→ Problem to solve: The records below are to be transcribed exactly, with the pictures removed.

→ Information:
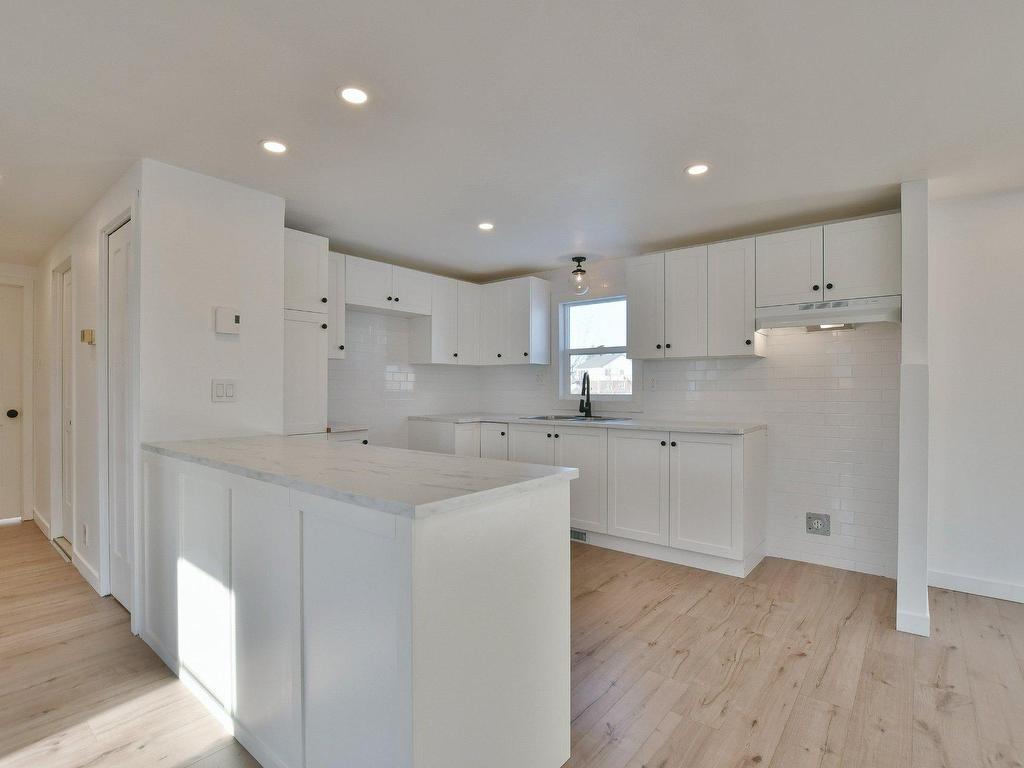 









7


Rue Bélanger

,
L'Épiphanie,




QC
J5X3P3

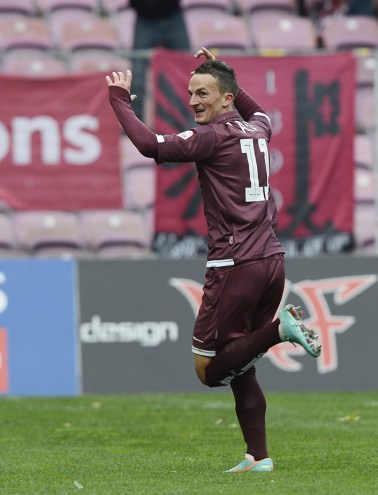 Steven Lang ouvre la voie au premier succès grenat en championnat (Servette-GC 2:0, 28.10.2012), www.servettefc.ch 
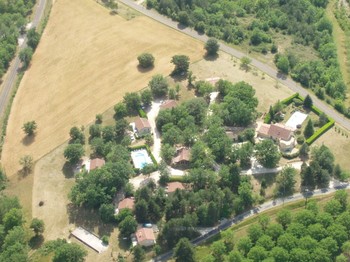 Vue aérienne Village de Gîtes Les Collines d'Eyvigues 24580 Salignac Eyvigues Clévacances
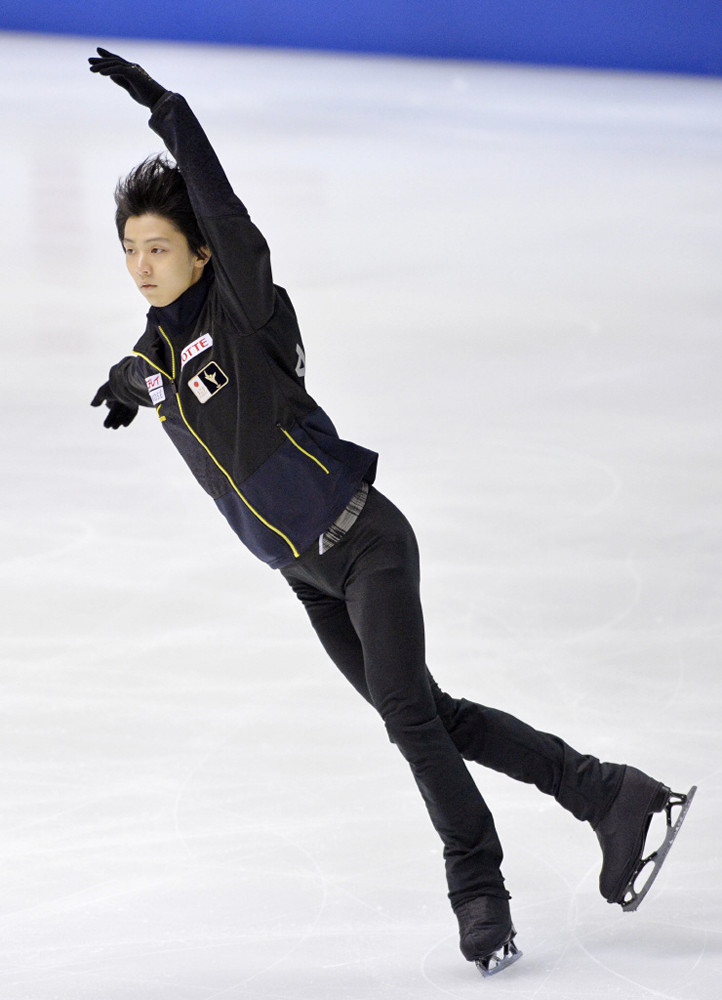 男子ＳＰに羽生登場＝女子には村上、宮原－ＮＨＫ杯フィギュア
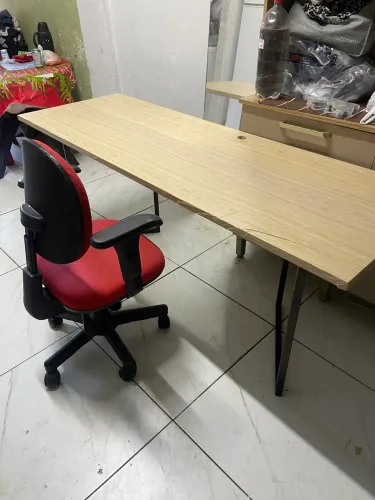Mesa de compansado naval + Cadeira Operacional Ergonômica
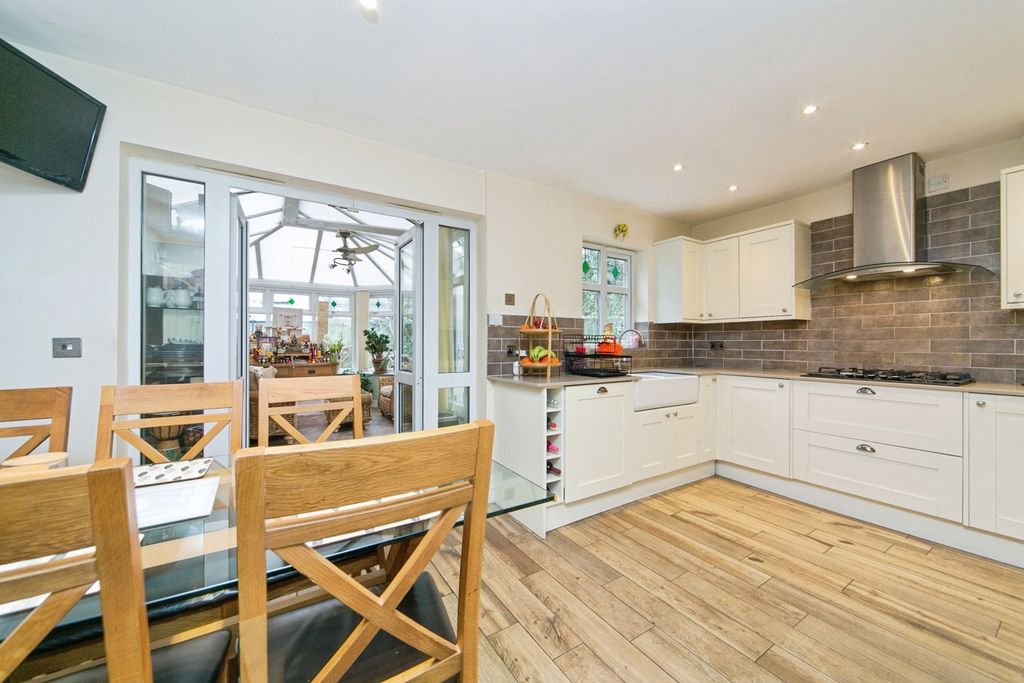 Property photo 3 of 18 Pbox-Img.Jpg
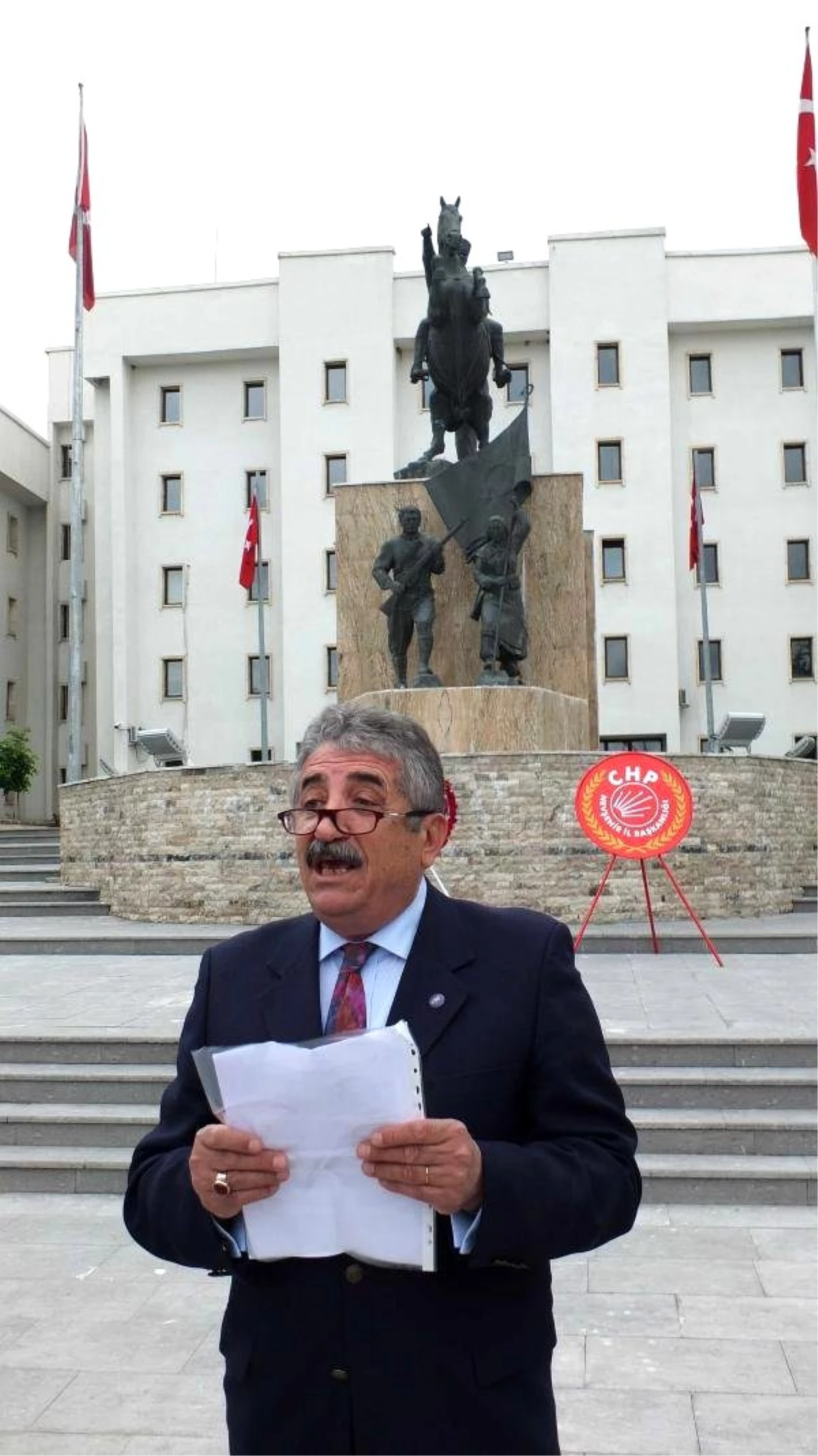 Chp, 19 Mayıs Törenleri Sonrası Atatürk Anıtı\'na Çelenk Koydu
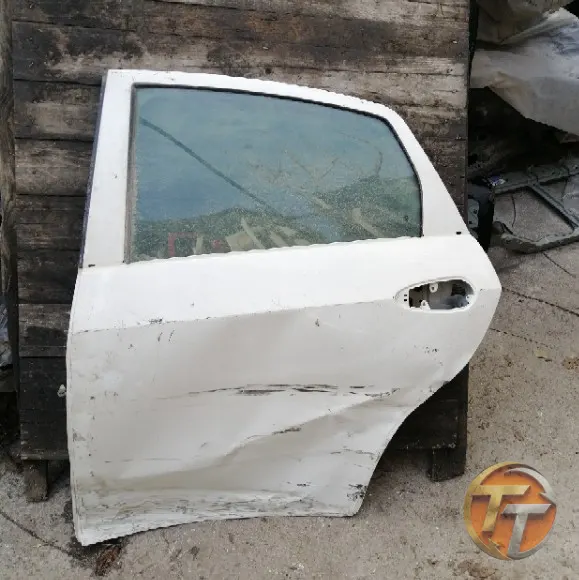 FİAT LİNEA sol arka kapı Ela-0141 Esan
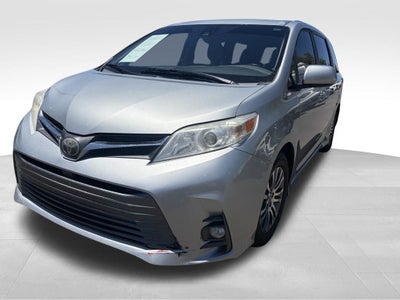 2020 Toyota Sienna XLE 8 Passenger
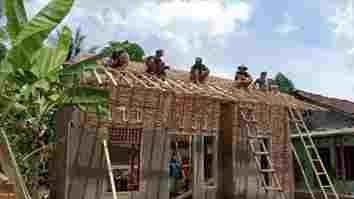 Puluhan Rumah Tidak Layak Huni di Banjarsari Ciamis Direhab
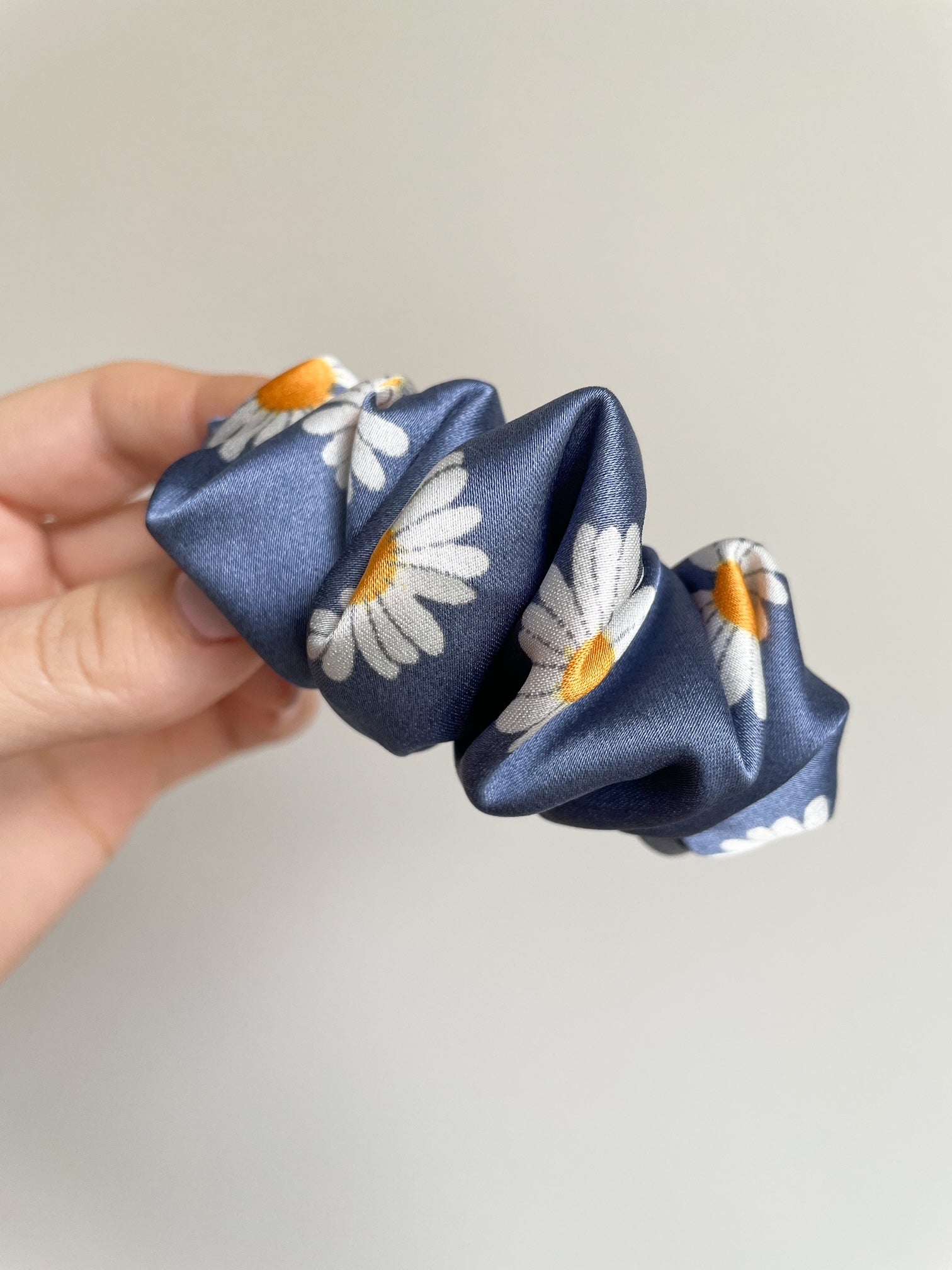 HEAVENLY DAMN hair clip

→ Output for this task:
7


Rue Bélanger

,
L'Épiphanie,




QC
J5X3P3

 Steven Lang ouvre la voie au premier succès grenat en championnat (Servette-GC 2:0, 28.10.2012), www.servettefc.ch 
 Vue aérienne Village de Gîtes Les Collines d'Eyvigues 24580 Salignac Eyvigues Clévacances
 男子ＳＰに羽生登場＝女子には村上、宮原－ＮＨＫ杯フィギュア
Mesa de compansado naval + Cadeira Operacional Ergonômica
 Property photo 3 of 18 Pbox-Img.Jpg
 Chp, 19 Mayıs Törenleri Sonrası Atatürk Anıtı\'na Çelenk Koydu
 FİAT LİNEA sol arka kapı Ela-0141 Esan
 2020 Toyota Sienna XLE 8 Passenger
 Puluhan Rumah Tidak Layak Huni di Banjarsari Ciamis Direhab
 HEAVENLY DAMN hair clip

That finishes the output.